There is no reason why Mourinho’s view would have differed greatly from the
common perception. The manager did not leave because at the time he probably
wanted the players and, like the rest of us, has been surprised at the way
the season has unfolded.
He did not want to sell William Gallas so late in the summer transfer window
and that much is clear; but this is an annoyance that can be rectified with
a promise that the error will not be repeated, not grounds for divorce and
if Kenyon fails to smooth over any lingering problem from September, he is
not the skilled negotiator he would have us believe.
There is another conspiracy theory, denied but gaining momentum, that the club
would not be troubled by Mourinho’s departure. This is based, not just on
wild speculation resulting from an inferior league position as Kenyon
claims, but on Mourinho’s limitations as the public face of a company
wishing to ingratiate itself around the world.
There has been private disquiet at the club over two incidents this season.
Already apprehensive about Mourinho’s attack on Stephen Hunt, the Reading
midfield player, after his collision with Petr Cech, some club officials
were mortified when the manager escalated the controversy by pointing out
the inadequacy of the ambulance service. A lesser confrontation, in which he
as good as called Andrew Johnson, the Everton striker, a cheat before being
forced to retract his comments, was also unhelpful.
Yet, on other occasions, Mourinho makes astute and valid contributions to a
debate; he is always eloquent, with a fantastic sense of theatre and is, by
a mile, the most compelling manager in English football. His personality and
success has done more to make Chelsea the centre of attention than a month
of press conferences in Mandarin and once the final whistle has blown the
only event guaranteed to make a neutral armchair viewer stay with the
coverage is the announcement: “
And after the break, we’ll hear from José Mourinho . . .” You love him, you
hate him, but you always want to watch him. And if Chelsea’s marketing men
are happy to give up on that recognition for their product they must be
barmy.
Yes, Chelsea are unpopular these days; but if the club want to change that,
they only have to start losing. Manchester United are well regarded now,
having failed to land a title since 2003. Do it this year, and the next, and
the public will go back to despising them.

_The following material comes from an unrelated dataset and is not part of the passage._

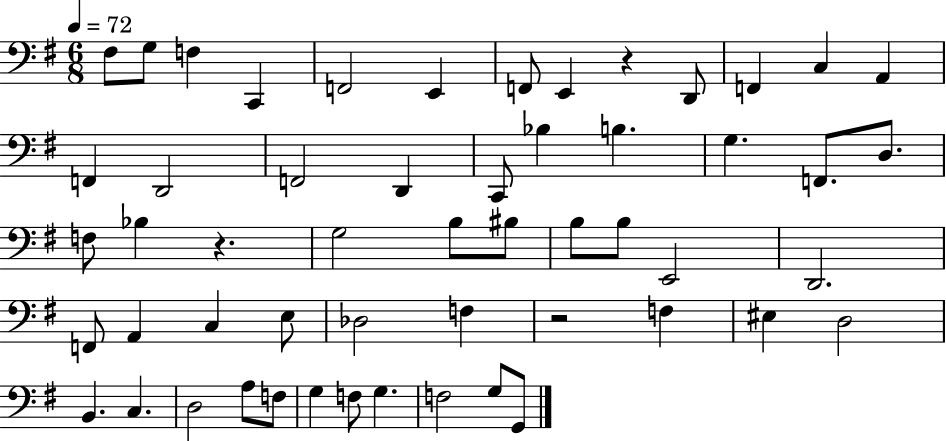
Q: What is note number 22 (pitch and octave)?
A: D3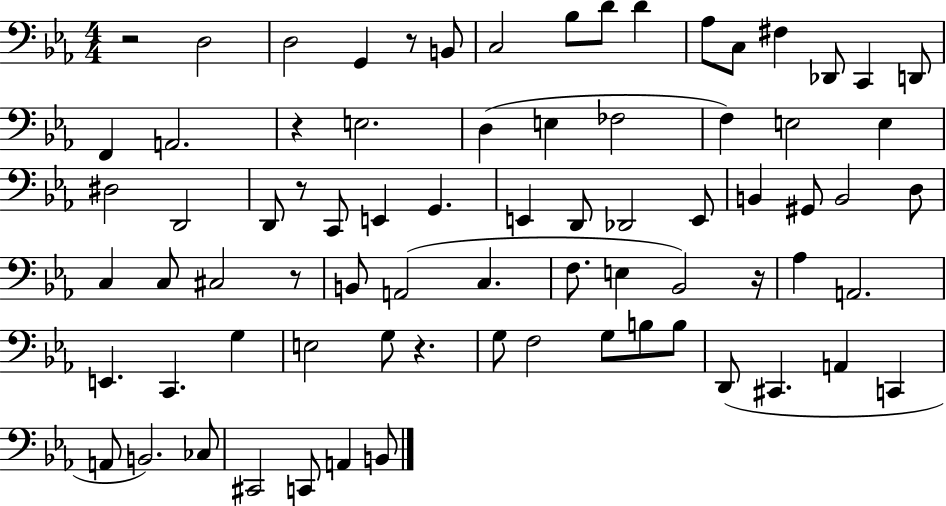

When Chelsea won the league the first time it was a refreshing change. Then it
wasn’t. If Chelsea win a third time, Mourinho could teach the world to sing
and furnish it with love and he would still get booed all the way to his
seat at every ground beyond SW6. Mourinho is a winner with attitude; he is
therefore never going to win the public vote. Bambi in a blue shirt would
not get a sympathetic “aah” these days.
So if we presume that Kenyon told the truth in November and his top priority
is to keep Mourinho happy, then one thought remains: that the rumours of a
summer split are gaining ground because the manager has a sense of destiny,
which involves lifting the European Cup in Portugal, England, Italy and
Spain. The José Slam. Leave it in the trophy cabinet, as he did at Porto,
and move on. That is what Chelsea should fear most of all. If Mourinho
achieves his ambition with them this season maybe nothing will persuade him
to stay. Not Abramovich’s millions. Not the soothing words of Lukewarm Pete.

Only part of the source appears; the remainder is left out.